Over the months he got to the point that he did not want to know anyone. Most of his friends were gone, and replacements did not last long enough to befriend. He went to a field hospital and found a psychiatrist who listened and said: “Do you see that soldier there?” Pointing to a bed at the end of the ward. “He has just lost his right arm and needs to write a letter home. Go and write it for him.”  After the letter was written, my teacher was assigned to the next bed and so on down the ward. Then he went back to his unit at the front.

He did not sleep. At night he went out across the lines, hunting. At night, across the lines, he could not risk making any noise. In the morning mist, he could hear the safeties clicking off as he came back to our lines. He had to call out to assure them he was friendly.

Once he was captured. He was held for a time, but before they could ship him to the rear, he escaped. There was a knife involved; his captors did not want to let him go. He had nothing more to say on the matter.

One fine day, in the sunshine, they captured a German field hospital. It was clean and bright. The doctors and the nurses wore clean, starched uniforms. The wounded lay in well-made beds. The captors walked silently through the hospital carrying their rifles and submachine guns at the ready. They went out behind the hospital where they found a corral made of long stakes driven into the ground. The corral contained young Italian men. The Germans were using them as a living blood bank, until they were used up. My teacher and his men returned to the hospital and shot everyone there without a word.

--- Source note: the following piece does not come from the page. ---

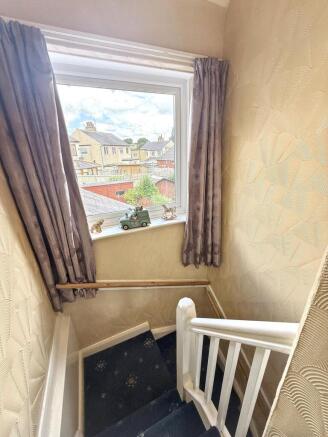 2 bed Semi-Detached for sale Image 11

He told me that the hardest thing to learn was to walk away from the dead and wounded. If you could not help them; if staying simply meant that you would also be dead or captured, then you had to do what you could for them; give them ammunition, food, water, a cigarette; make them as comfortable as possible, and walk away.

He had a fiancée, a redheaded horseback riding teacher. They had an agreement. If he got home whole in body, they would get married. When he got home, after the job was done, he was whole in body and he called her to make good on the promise. She replied: “I am busy.” Shortly she explained that she was teaching children in a boarding school in the mountains. It was too important; she could not leave. He could join her. He was afraid of children. In Italy, children were desperate to survive. Their desperation scared him. But he had nothing better to do, and a promise to keep. So he went into the mountains.

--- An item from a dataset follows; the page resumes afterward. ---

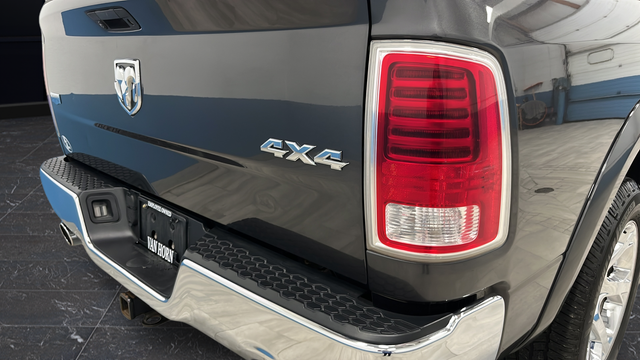 Used 2017 Granite Crystal Metallic Clearcoat Ram Laramie image 38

He was hired as an art teacher. The owner of the school met with him (and each teacher) at least twice a day for a few minutes, giving him practical advice on how to interact with children who were not as desperate as those he was used to. Slowly he recovered his humanity, thanks to the mountains, and the children. After a few weeks it was his turn to supervise Saturday morning activities. He still was unsure of how to act with children, especially without the structure of his classroom. The head of the school told him that his job was to know “where they were, in every sense of the word, and stay out of their way.”

For the rest of his life, every couple of years, he would find a good psychiatrist and wrestle with his memories. He was a most remarkable teacher of young children and made many young lives better by being in them. Although he became prominent in an international organization, he never agreed to go to Germany.

He died after a long life, not in battle, but still living the aftermath of combat.